The issue is, when the card is attached, the suspend operation takes longer and eventually the system suspends itself, however the nvidia fans were still running after the suspend.
Later on, I have realized that the app vm might not have suspended at all, as there was a 100% CPU utilizing prepare-suspend process running in the vm.
(/usr/lib/qubes/prepare-suspend suspend was running for 10+ hours with 99% CPU)
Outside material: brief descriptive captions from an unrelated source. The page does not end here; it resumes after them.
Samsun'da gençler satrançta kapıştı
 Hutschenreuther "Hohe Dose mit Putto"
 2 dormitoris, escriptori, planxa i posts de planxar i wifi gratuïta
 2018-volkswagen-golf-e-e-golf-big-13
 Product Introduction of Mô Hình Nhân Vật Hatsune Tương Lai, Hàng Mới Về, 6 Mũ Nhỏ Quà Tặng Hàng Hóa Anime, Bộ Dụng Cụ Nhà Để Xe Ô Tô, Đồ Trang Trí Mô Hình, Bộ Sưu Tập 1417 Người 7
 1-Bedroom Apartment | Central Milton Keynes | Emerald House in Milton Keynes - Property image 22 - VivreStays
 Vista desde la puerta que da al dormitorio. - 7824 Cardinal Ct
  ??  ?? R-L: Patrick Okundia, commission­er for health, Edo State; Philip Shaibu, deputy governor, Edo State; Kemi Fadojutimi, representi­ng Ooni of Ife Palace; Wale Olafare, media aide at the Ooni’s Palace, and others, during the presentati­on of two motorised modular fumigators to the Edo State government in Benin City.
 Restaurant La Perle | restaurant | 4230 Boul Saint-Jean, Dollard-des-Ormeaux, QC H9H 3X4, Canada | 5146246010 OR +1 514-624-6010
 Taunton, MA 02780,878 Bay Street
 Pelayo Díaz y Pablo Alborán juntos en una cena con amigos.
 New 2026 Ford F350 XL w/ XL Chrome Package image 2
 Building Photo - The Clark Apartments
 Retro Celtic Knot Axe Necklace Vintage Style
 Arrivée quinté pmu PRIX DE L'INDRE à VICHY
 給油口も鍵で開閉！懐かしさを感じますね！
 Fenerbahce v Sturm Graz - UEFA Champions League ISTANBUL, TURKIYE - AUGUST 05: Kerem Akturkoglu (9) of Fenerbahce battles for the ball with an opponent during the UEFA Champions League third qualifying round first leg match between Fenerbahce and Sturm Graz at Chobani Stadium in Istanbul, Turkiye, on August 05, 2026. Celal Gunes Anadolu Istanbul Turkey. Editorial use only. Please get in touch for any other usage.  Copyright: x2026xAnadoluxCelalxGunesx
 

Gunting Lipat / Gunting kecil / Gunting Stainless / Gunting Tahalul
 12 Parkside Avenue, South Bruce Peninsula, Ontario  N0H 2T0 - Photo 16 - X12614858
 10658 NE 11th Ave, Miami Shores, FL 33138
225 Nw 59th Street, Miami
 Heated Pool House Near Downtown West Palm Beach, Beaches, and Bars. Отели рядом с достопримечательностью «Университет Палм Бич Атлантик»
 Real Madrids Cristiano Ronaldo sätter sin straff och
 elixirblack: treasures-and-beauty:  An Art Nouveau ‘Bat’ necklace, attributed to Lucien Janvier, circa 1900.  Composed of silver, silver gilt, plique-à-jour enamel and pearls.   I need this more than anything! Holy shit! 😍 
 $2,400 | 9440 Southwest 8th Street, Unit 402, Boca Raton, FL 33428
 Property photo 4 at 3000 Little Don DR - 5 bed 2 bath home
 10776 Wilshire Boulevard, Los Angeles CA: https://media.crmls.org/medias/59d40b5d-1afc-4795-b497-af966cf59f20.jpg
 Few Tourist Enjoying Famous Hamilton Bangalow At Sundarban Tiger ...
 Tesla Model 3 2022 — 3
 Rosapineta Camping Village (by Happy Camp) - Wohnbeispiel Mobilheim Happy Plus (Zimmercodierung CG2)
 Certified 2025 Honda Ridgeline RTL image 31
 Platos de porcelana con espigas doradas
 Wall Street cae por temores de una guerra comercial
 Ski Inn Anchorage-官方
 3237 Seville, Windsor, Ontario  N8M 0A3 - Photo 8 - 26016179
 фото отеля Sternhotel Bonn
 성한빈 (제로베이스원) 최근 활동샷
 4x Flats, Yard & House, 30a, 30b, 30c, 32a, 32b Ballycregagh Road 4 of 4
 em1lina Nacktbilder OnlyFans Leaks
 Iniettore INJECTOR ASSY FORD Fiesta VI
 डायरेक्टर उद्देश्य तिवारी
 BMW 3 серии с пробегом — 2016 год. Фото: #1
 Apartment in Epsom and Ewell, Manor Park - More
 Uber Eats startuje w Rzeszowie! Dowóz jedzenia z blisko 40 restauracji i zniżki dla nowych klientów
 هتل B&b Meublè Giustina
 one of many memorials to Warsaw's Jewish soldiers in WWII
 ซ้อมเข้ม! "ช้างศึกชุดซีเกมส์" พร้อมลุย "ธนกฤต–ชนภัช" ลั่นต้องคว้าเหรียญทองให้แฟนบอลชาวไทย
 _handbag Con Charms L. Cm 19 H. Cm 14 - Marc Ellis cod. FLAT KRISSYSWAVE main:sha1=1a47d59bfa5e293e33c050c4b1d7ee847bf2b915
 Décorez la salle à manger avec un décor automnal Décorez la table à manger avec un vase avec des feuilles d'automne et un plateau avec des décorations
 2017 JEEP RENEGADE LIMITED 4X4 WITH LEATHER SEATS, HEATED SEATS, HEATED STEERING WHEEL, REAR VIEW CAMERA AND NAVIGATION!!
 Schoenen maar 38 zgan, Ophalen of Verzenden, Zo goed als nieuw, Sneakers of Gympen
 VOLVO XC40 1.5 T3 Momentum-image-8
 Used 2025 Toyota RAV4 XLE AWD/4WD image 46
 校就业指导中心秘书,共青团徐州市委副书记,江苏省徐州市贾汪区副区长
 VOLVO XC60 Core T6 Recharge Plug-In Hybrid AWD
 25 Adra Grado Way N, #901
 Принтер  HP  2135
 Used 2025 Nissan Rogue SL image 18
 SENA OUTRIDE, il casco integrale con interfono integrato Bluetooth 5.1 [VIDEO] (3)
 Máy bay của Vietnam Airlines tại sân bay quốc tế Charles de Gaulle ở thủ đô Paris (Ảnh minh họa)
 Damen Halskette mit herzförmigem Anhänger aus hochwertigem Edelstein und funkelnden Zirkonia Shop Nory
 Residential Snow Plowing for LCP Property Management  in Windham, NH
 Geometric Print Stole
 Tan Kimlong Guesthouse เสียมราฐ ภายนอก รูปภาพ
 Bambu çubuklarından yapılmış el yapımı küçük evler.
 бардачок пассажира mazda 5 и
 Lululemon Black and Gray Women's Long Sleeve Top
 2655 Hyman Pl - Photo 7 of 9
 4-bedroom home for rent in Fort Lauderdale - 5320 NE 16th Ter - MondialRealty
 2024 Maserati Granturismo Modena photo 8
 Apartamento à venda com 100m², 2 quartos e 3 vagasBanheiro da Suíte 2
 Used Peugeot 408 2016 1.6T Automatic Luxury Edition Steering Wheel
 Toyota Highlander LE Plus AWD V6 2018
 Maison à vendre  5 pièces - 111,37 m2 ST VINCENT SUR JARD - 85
I can’t kill the process with kill -9
I had the issue that, when attaching my Nvidia RTX 4090 to an appvm, the suspend also took long, with qubes.SuspendPre timeout messages in dom0 and when the system comes back, even though sys-usb found the devices, keyboard and mouse didn’t work. This fixed it. However, after the suspend the appvm has to be restarted, because the GPU does not work anymore:
Unable to determine the device handle for GPU0000:00:06.0: Unknown Error
I’m running R4.2.4. Created a debian template, attached the GPU to it, installed the nvidia driver and it worked right out of the box without issues (except for suspend of course). Only thing I had to do was to add to the grub commandline to ignore the GPU.
I’m currently working on the suspend issue, I think the problem is that the kernel module does not get unloaded because Xorg and nvidia-persistenced keep the GPU in use. nvidia-persistenced can be stopped, but Xorg grabs the GPU by default, even though it is outputting on the virtual device.